───── PROVIDED DATA ─────

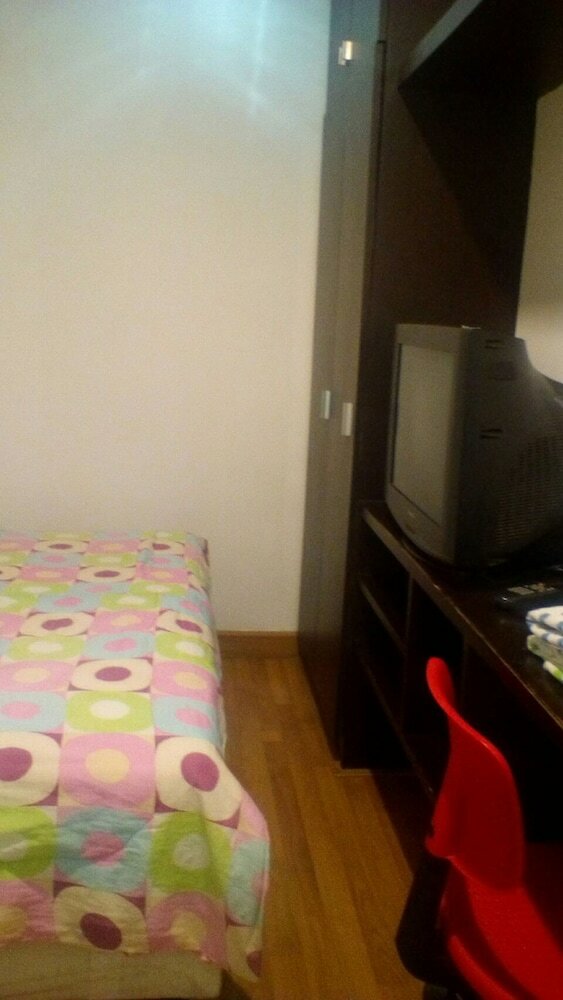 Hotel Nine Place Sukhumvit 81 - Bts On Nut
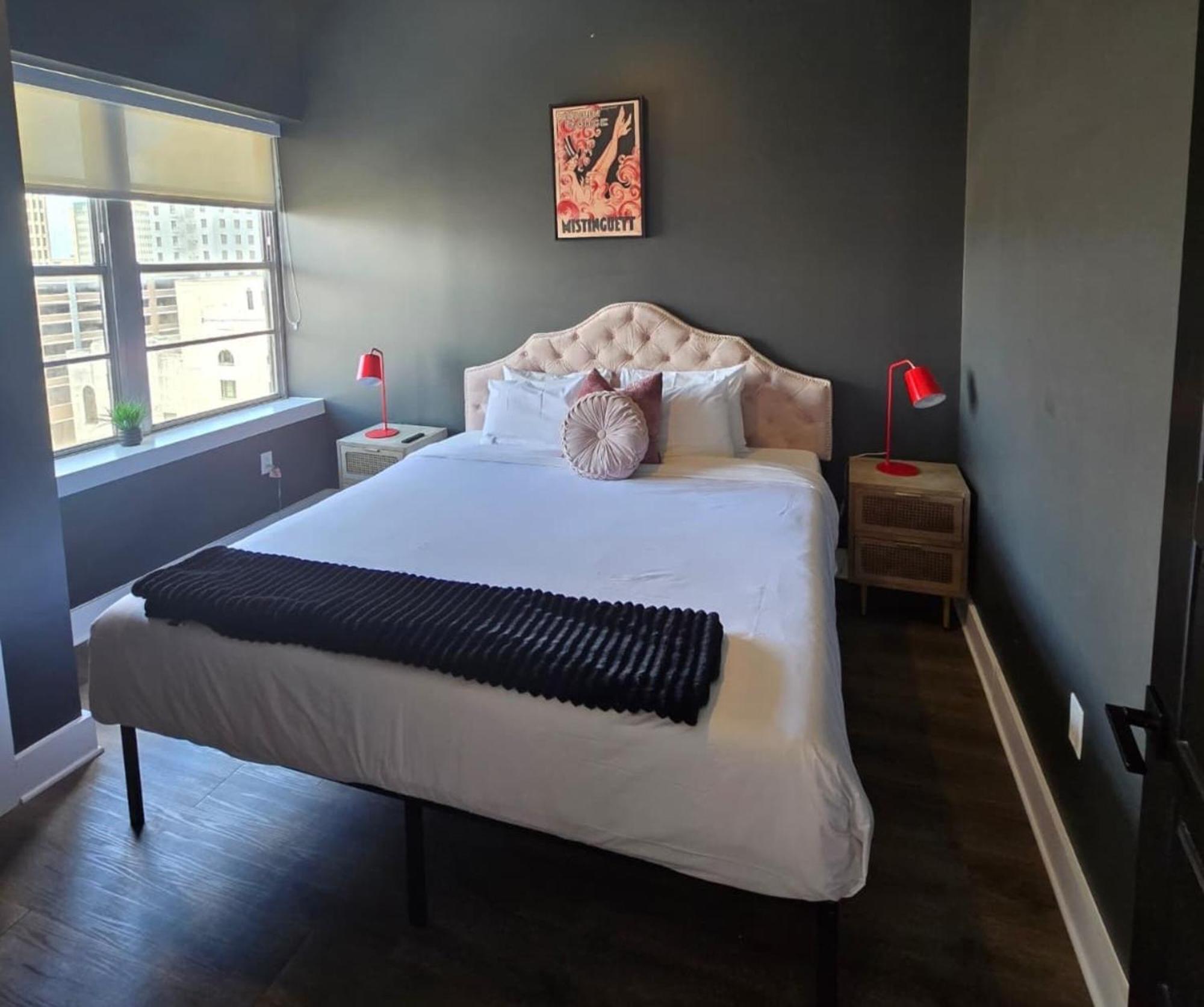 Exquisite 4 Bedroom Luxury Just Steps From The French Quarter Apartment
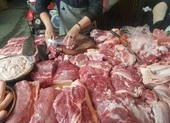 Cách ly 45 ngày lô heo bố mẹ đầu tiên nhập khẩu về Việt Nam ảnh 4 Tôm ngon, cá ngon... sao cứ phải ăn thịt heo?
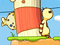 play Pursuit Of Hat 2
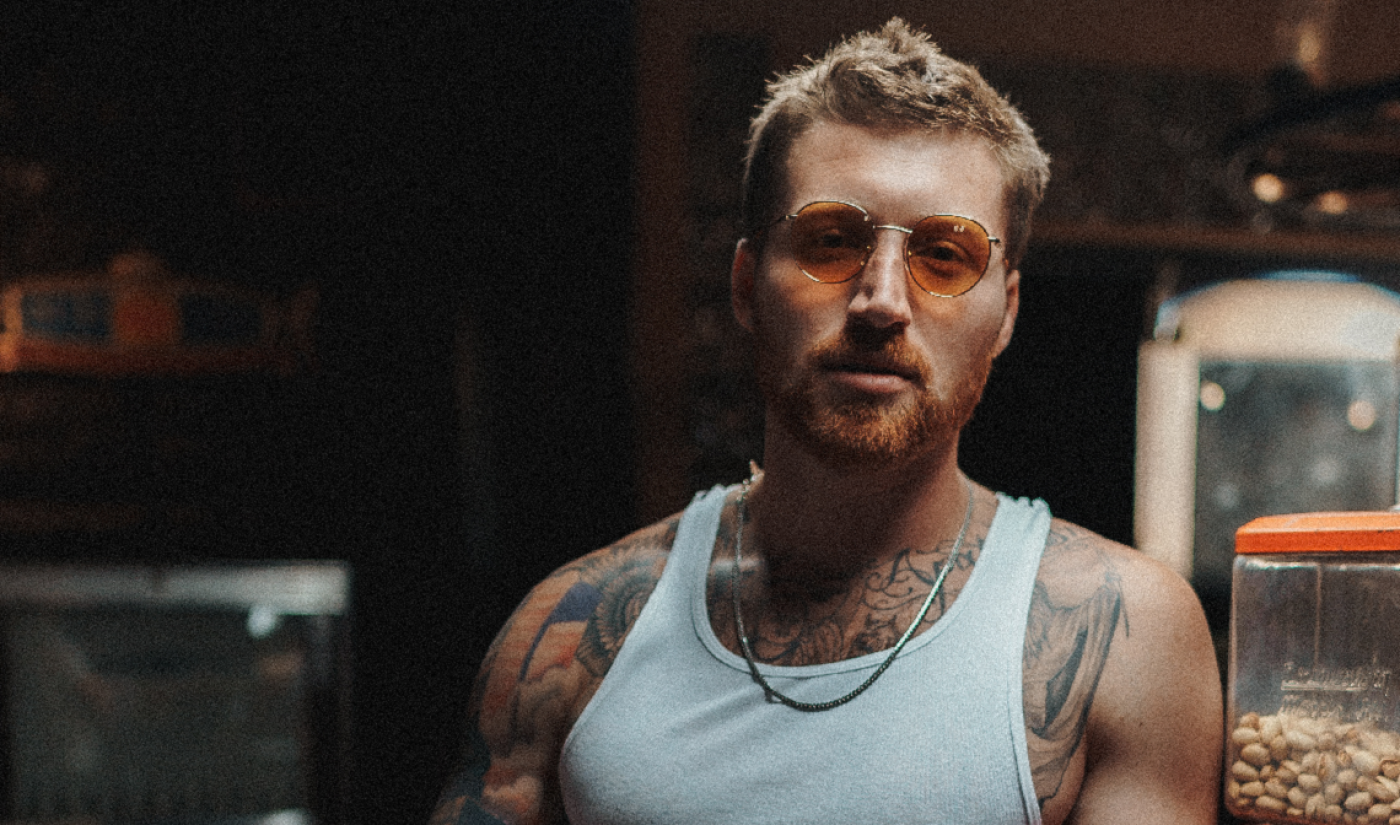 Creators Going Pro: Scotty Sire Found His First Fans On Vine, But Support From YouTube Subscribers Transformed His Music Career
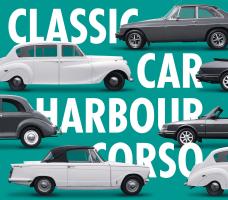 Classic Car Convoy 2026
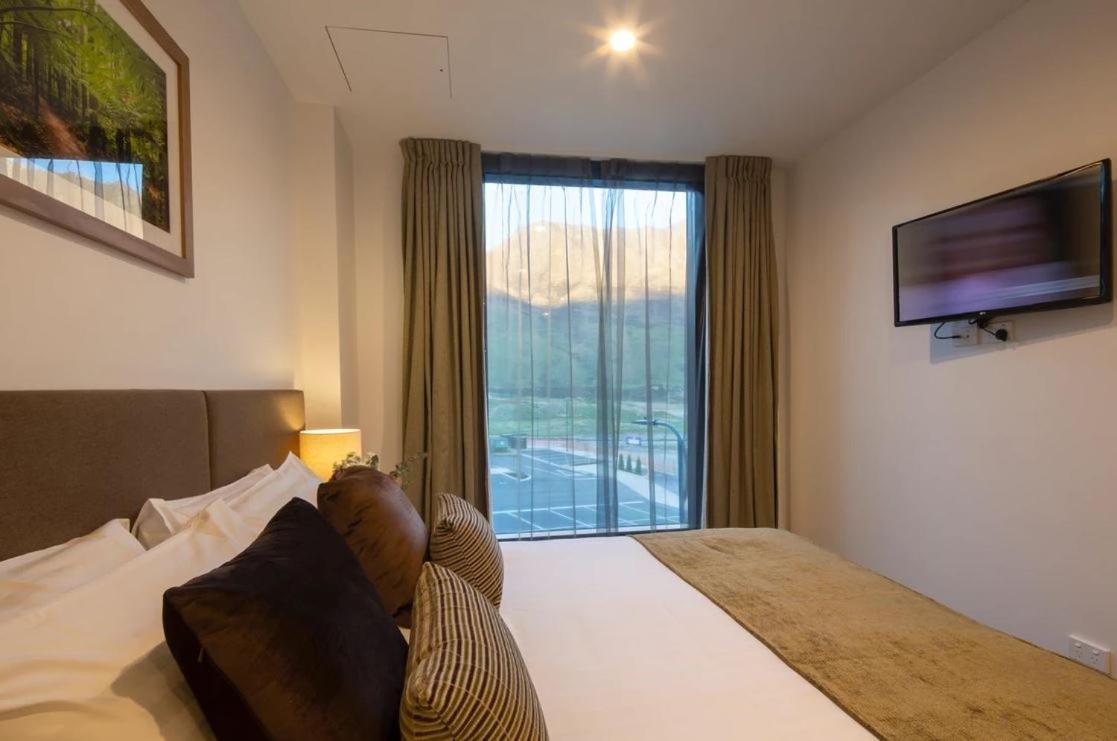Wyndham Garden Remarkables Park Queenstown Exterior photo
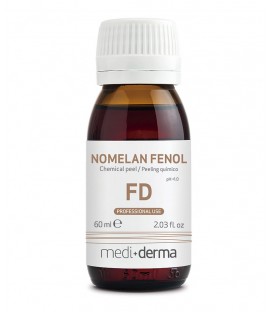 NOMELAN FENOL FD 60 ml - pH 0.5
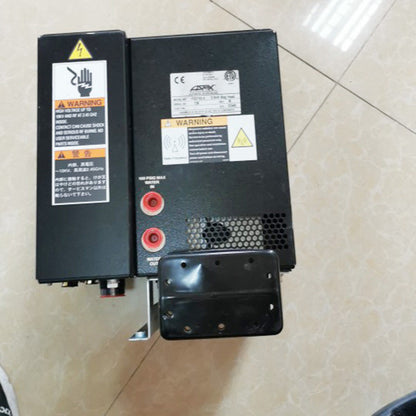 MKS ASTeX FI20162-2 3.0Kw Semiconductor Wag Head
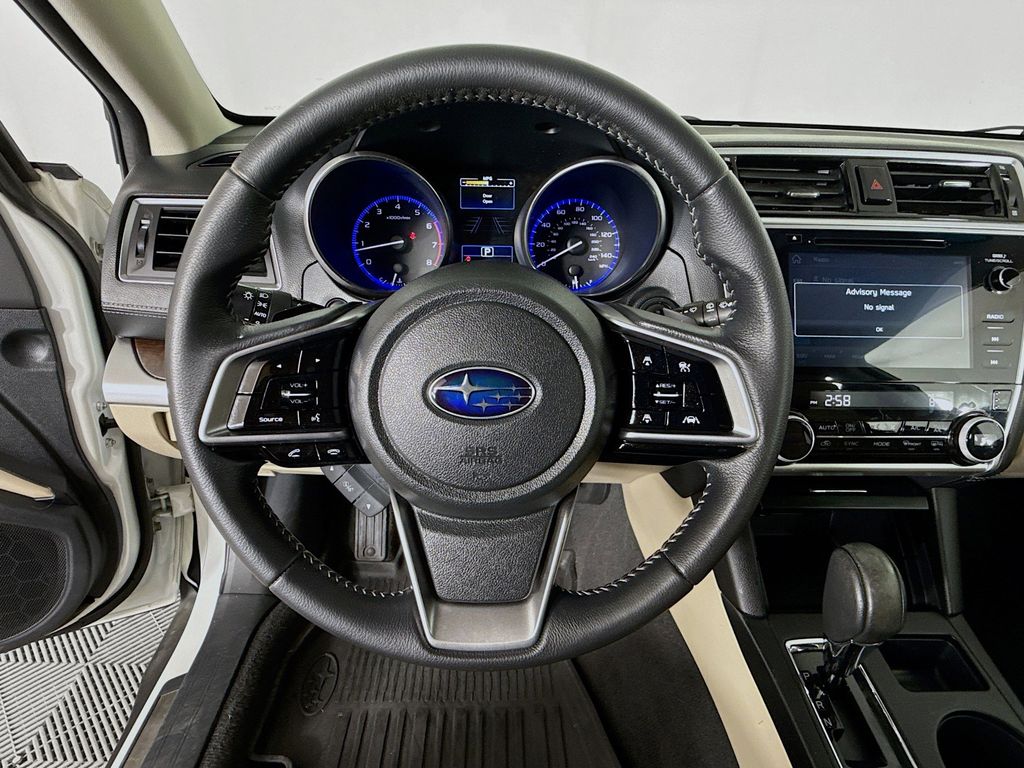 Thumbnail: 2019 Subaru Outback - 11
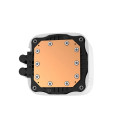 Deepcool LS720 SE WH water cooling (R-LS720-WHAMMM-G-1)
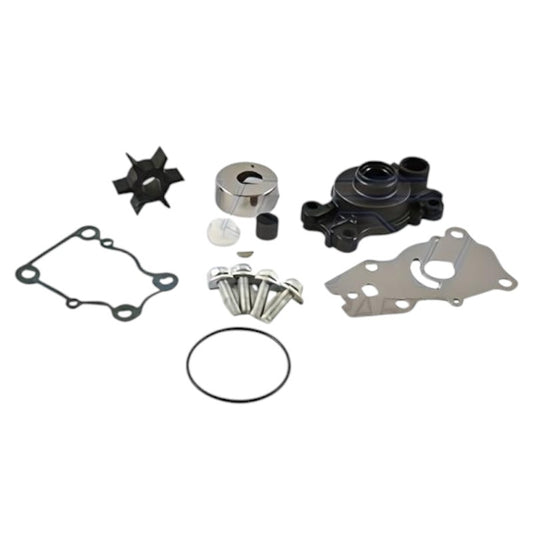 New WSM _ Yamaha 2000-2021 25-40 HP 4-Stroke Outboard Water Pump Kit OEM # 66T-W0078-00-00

─────

- _EXERCISE AIM_:
Leave the images out and transcribe the remaining data above word for word.

- _FINAL ANSWER_:
 Hotel Nine Place Sukhumvit 81 - Bts On Nut
 Exquisite 4 Bedroom Luxury Just Steps From The French Quarter Apartment
 Cách ly 45 ngày lô heo bố mẹ đầu tiên nhập khẩu về Việt Nam ảnh 4 Tôm ngon, cá ngon... sao cứ phải ăn thịt heo?
 play Pursuit Of Hat 2
 Creators Going Pro: Scotty Sire Found His First Fans On Vine, But Support From YouTube Subscribers Transformed His Music Career
 Classic Car Convoy 2026
Wyndham Garden Remarkables Park Queenstown Exterior photo
 NOMELAN FENOL FD 60 ml - pH 0.5
 MKS ASTeX FI20162-2 3.0Kw Semiconductor Wag Head
 Thumbnail: 2019 Subaru Outback - 11
 Deepcool LS720 SE WH water cooling (R-LS720-WHAMMM-G-1)
 New WSM _ Yamaha 2000-2021 25-40 HP 4-Stroke Outboard Water Pump Kit OEM # 66T-W0078-00-00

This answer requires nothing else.